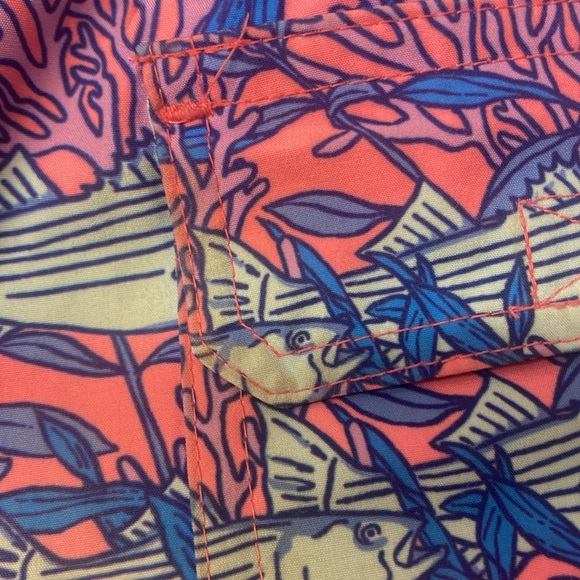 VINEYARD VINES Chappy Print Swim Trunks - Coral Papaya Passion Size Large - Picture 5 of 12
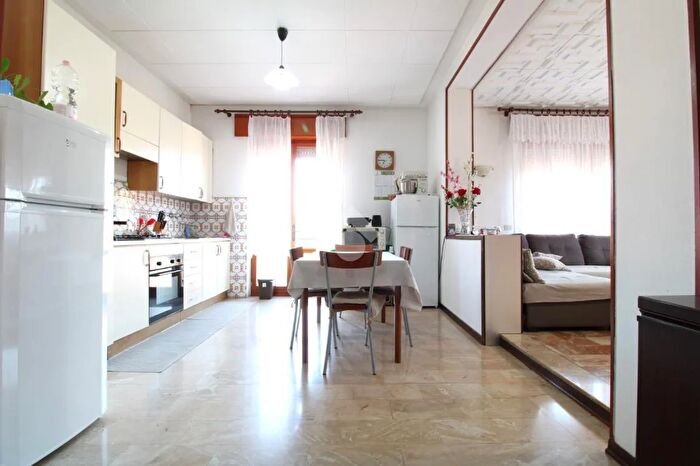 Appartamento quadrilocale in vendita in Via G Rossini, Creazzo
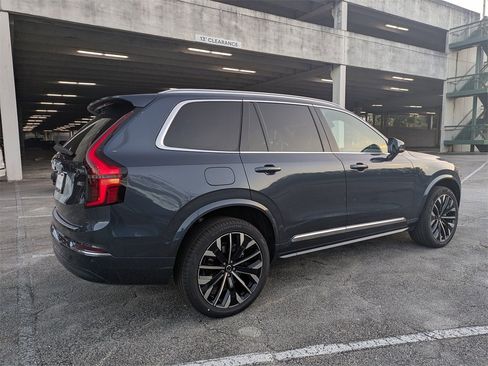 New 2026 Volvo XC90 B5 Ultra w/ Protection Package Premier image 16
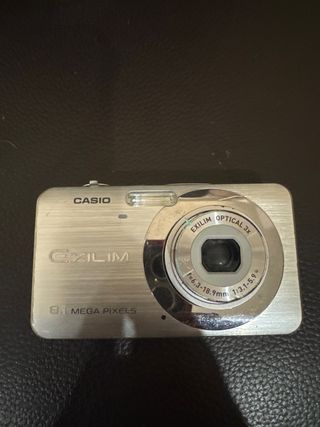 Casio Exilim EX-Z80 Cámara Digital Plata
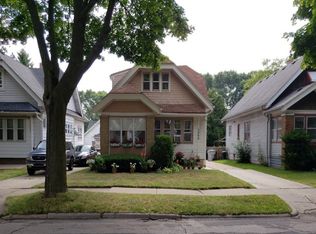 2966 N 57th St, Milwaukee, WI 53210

--------

◆ INSTRUCTIONS TO FOLLOW ◆
Output all the data, exactly, without images.

◆ YOUR RESPONSE ◆
 VINEYARD VINES Chappy Print Swim Trunks - Coral Papaya Passion Size Large - Picture 5 of 12
 Appartamento quadrilocale in vendita in Via G Rossini, Creazzo
 New 2026 Volvo XC90 B5 Ultra w/ Protection Package Premier image 16
 Casio Exilim EX-Z80 Cámara Digital Plata
 2966 N 57th St, Milwaukee, WI 53210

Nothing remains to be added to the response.